Using custom .NET activities in Azure Data Factory
September 22, 2015
Azure Data Factory provides a great number of data processing activities out of the box (for example running Hive or Pig scripts on Hadoop / HDInsight).
In many case though, you just need to run an activity that you already have built or know how to build in .NET. So, how would you go about that? Would you need to convert all those items to Hive scripts?
Actually, no. Enter Custom .NET activities. Using this you can run a .NET library on Azure Batch or HDInsight (whatever you like) and make it part of your Data Factory pipeline. Regardless of whether you use Batch or HDInsight you can just run your .NET code on it. I prefer using Batch since it provides more auto-scaling options, is cheaper and makes more sense to me in general; I mean, why run .NET code on a HDInsight service that runs Hive and Pig? It feels weird. However, if you already have HDInsight running and prefer to minimize the number of components to manage, choosing HDInsight might make more sense than using Batch.
Switching from Batch to HDInsight means to changing the LinkedServiceName for the activity to point to your HDInsight or HDInsight on demand cluster.

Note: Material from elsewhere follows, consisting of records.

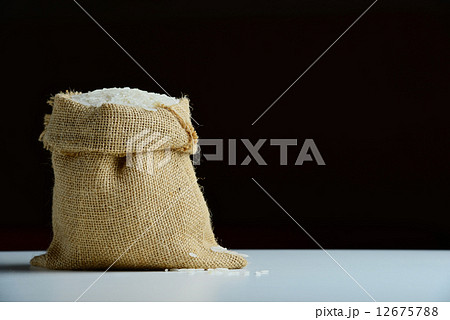 rice in burlap sack 12675788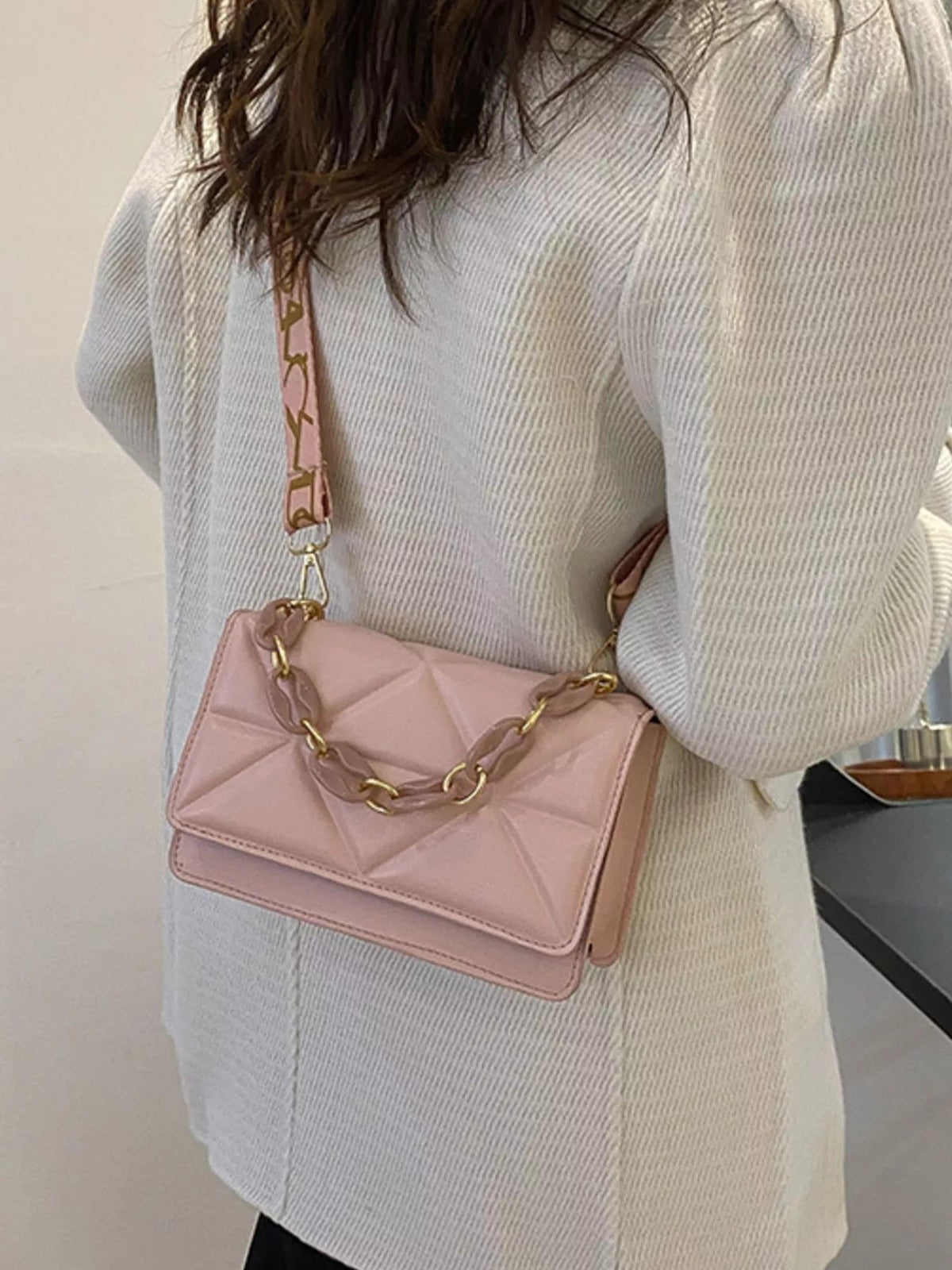 Quilted Adjustable Strap Crossbody Bag - SuzRevera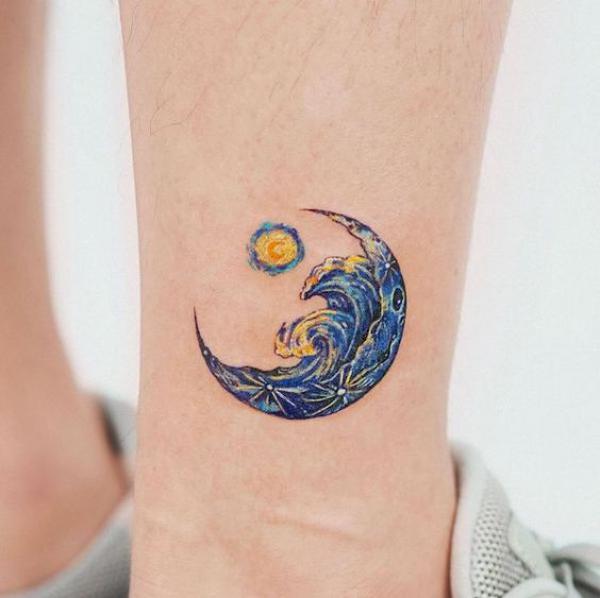 Starry night sun and crescent moon with wave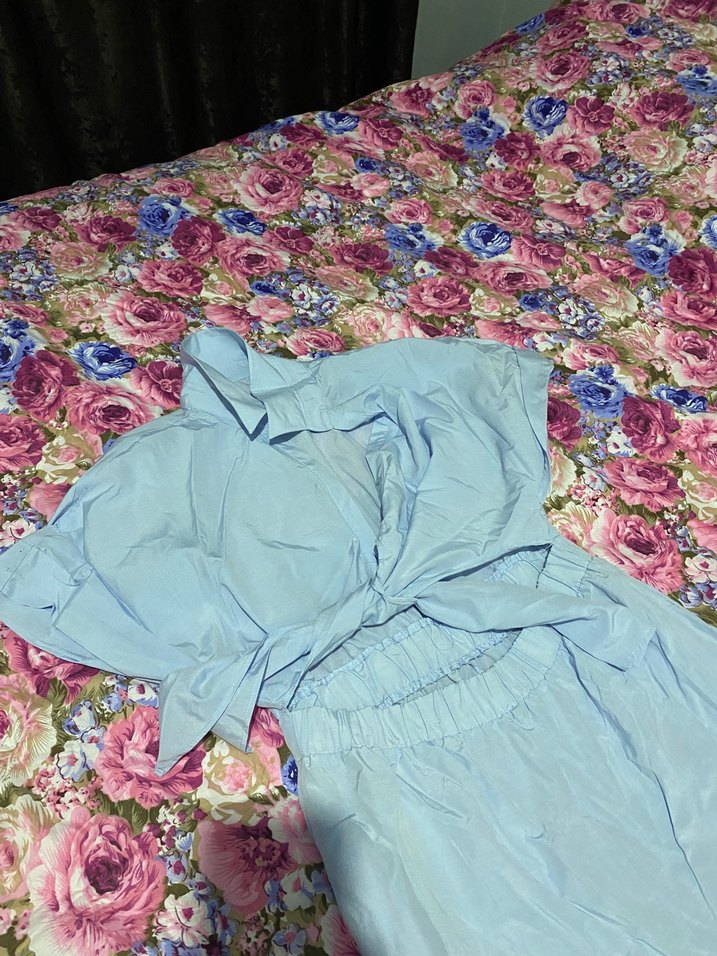 Mavi Drapeli Straplez Kadın Tulum - Görsel 2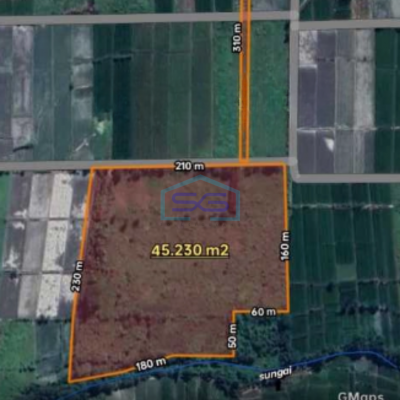 Dijual Tanah Zona Industri Lokasi Polanharjo Klaten Jawa Tengah Luas 45230m2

Tables are passed to the .NET activity using a connection string, so essentially if you have both input and output tables defined as blob storage items, your custom assembly will get a connection string to the blob storage items, read the input files, do its processing and write the output files before passing on the control to ADF.
Using this framework the sky is the limit: anything you can run in .NET can now be part of your ADF processing pipeline…pretty cool!